Interim Report Flags $3 Bil Gap in Last Year’s Budget
DOR Cautions State Still Collecting FY 2020 Revenue
7/24/20 2:26 PM
JULY 24, 2020.....Massachusetts tax collections in the fiscal year that ended June 30 are about $3 billion lower than what budget managers were expecting when they crafted the $43.3 billion state budget a year ago, according to preliminary data released Friday by the Department of Revenue.
Revenue officials said incomplete revenue collections for fiscal year 2020 so far total $27.276 billion, which is $2.417 billion or 8.1 percent less than fiscal year 2019 and $3.014 billion or 9.9 percent below the year-to-date benchmark.
But because the tax filing deadline was moved from April 15 to July 15 and DOR is still collecting fiscal 2020 taxes, the agency said the fiscal 2020 revenue total is expected to be updated over the next several weeks.
"Approximately 81 percent of the year-to-date shortfall is in non-withheld income tax, which is due in large part to the deferral of the deadlines for personal income tax returns and payments and the first two estimated payment installments to July 15, 2020," Revenue Commissioner Geoffrey Snyder said. "DOR will be releasing a full FY2020 revenue report in September because recently enacted legislation requires the Comptroller to record income tax payments received between July 1 and August 31 as FY20 revenue.

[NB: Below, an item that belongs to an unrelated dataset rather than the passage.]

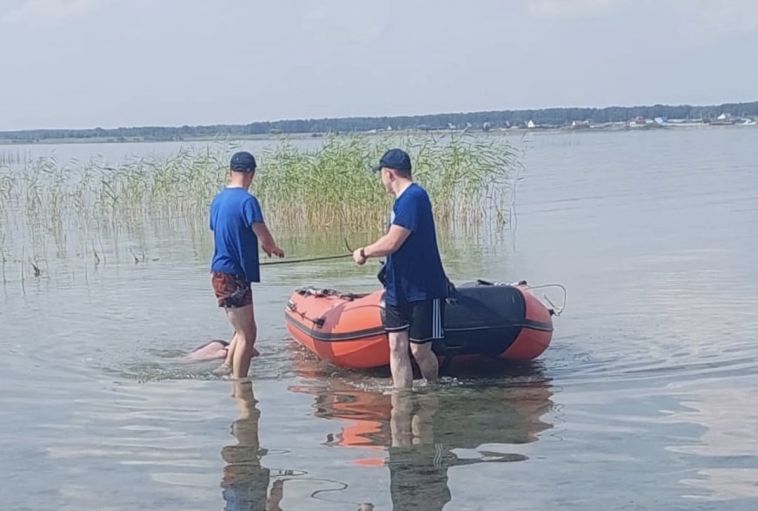 На озере в Челябинской области нашли утонувшего мужчину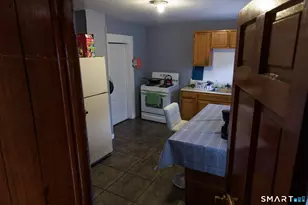 86 Fillmore St, New Haven, CT 06513 - Photo 2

We will continue to closely monitor these delayed FY20 revenue collections."
The first official estimate of the fiscal year 2020 budget gap came in DOR's preliminary report on June tax collections, which showed tax collections of $2.493 billion as of July 24, missing the monthly target by $761 million or 23.4 percent, and reflecting a $691 million, or 21.7 percent, decrease from last June.
Since the sudden evaporation of tax receipts began this spring as the state forced businesses to close, consumer spending habits changed dramatically and unemployment skyrocketed, the Baker administration did not revise revenue expectations for fiscal year 2020 -- which could have triggered the governor's authority to make unilateral spending reductions known as 9C cuts -- or announce other specific budget-balancing plans.
The timing of the COVID-19 outbreak made it difficult to slash spending given that it came relatively late in the fiscal year, according to budget analysts, but the state does have $3.5 billion stashed away in its rainy day fund that could be needed this year and beyond.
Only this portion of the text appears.